In the run up to holiday week, Scottish Socialist Voice contributor Roz Paterson offers a comradely reminder to remember that which matters most to people and planet.
When you put out the bin bag on Boxing Day, the one groaning with squelchy, uneaten food and scrunched up wrapping paper, think on this; for every bag’s worth of rubbish you chuck out, there are 70 more, hovering and clanking like Marley’s ghost, comprising all the resources that went into making the rubbish you are now dumping.
The midwinter festivities, once a bleak and flickering light in the long, medieval darkness, is now an overlit, overspent, overstuffed turkey of waste and regret.
Like Away In A Manger, you probably know the words, but here goes… deep breath.
Half of all the paper used by Americans is used to wrap up consumer gifts. Here in the UK, we throw away £4.2m worth of uneaten Christmas dinners, accumulate £6.2bn worth of unwanted gifts, and wrap them all up in enough slippery, twinkly unrecyclable paper to stretch to the moon and back.
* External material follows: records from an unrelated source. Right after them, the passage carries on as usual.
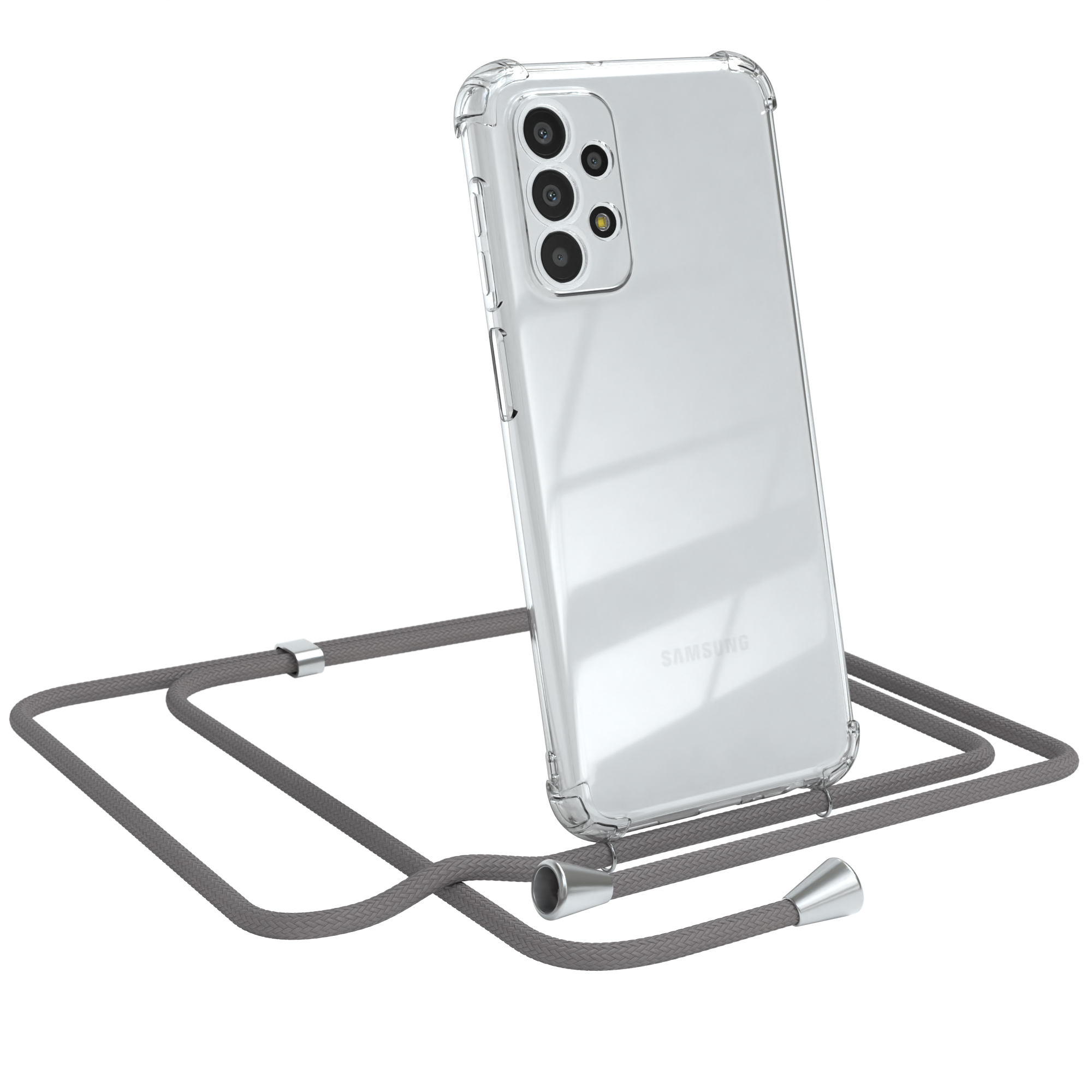 Transparente Samsung-Handyhülle mit grauem Band. Telefon zeigt zur Kamera. Weißer Hintergrund.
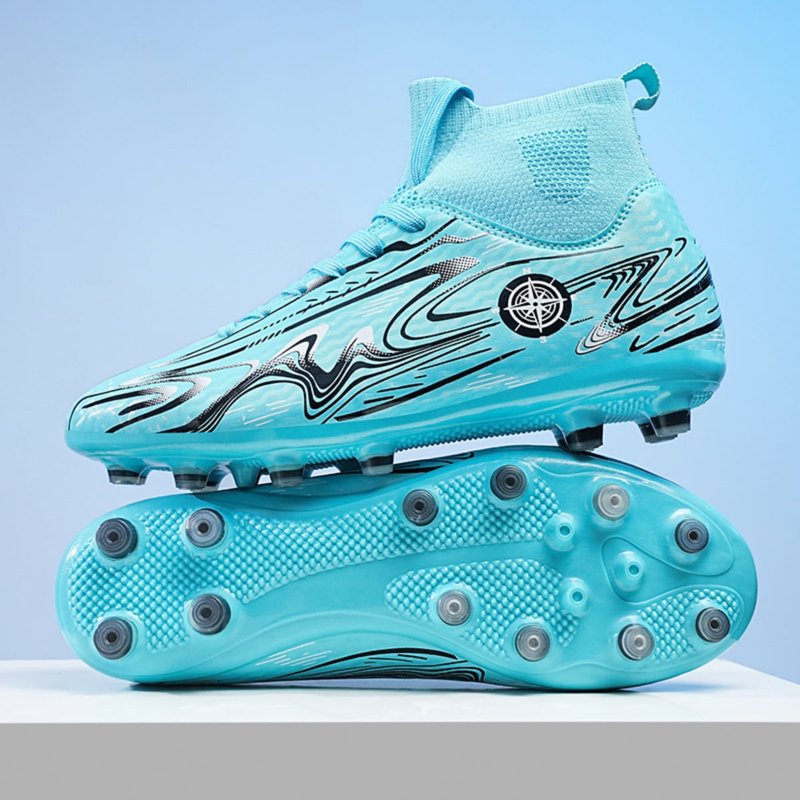 OnyxTrek Kids High Top Soccer Cleats - Green AG, 9.5 Men / EU 43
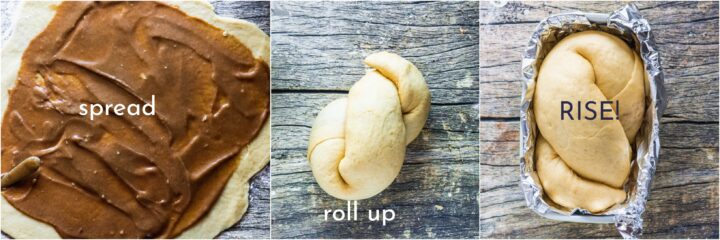 process shots of spreading apple butter on the babka dough, twisting the babka into shape, and the risen babka in a bread loaf pan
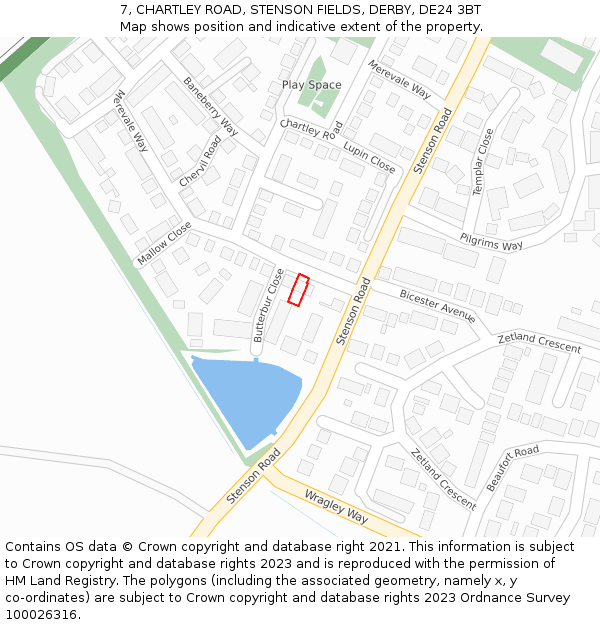 7, CHARTLEY ROAD, STENSON FIELDS, DERBY, DE24 3BT: Location map and indicative extent of plot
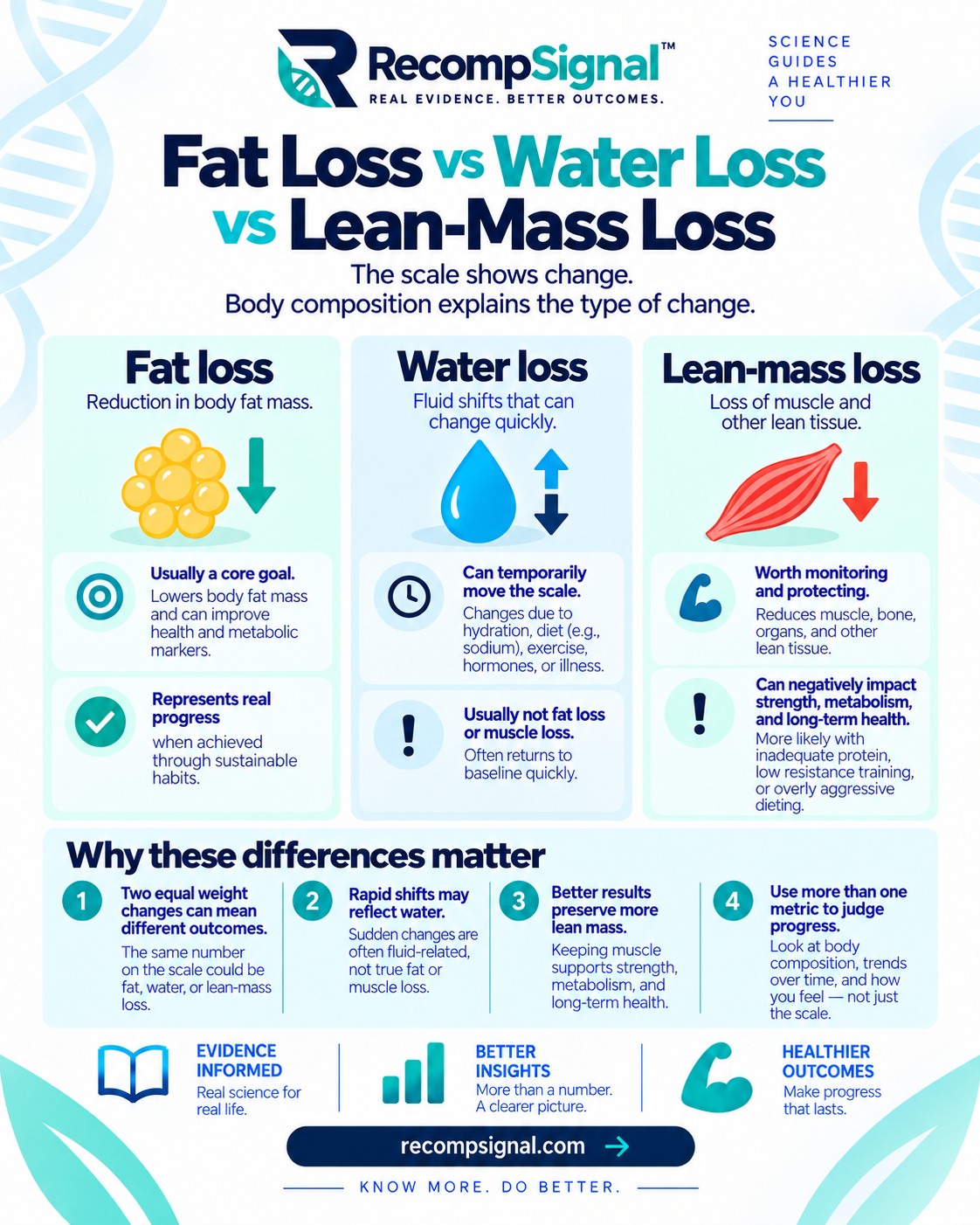 Fat loss, water loss and lean-mass loss compared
Meanwhile, a horrifying £5.6bn, which is £300m more than last year, is predicted to be spent on advertising encouraging us to consume even more.
But let nothing you despair, and the “humbugs” go unsucked, as the trends are not as catastrophic as they first appear. Spending levels are stagnating somewhat. Sadly, because in these days of Brexit, zero hours contracts and benefits withdrawal, more of us have less money. Or indeed, no money.
But there is a positive trend too. We are becoming increasingly environmentally aware, and less blind to the trashing of finite ecological resources.
This last is good, especially for children. Parents may think they’re being good to their kids by overspending, and turning the front of their house into a mini Las Vegas, but in truth, more and more youngsters are deeply troubled by the implications of climate change, and the older generations’ seeming refusal to tackle it in any way. Childline has highlighted this as an area of deep concern to children, who turn to their services to discuss these fears – perhaps because there is no understanding going on at home?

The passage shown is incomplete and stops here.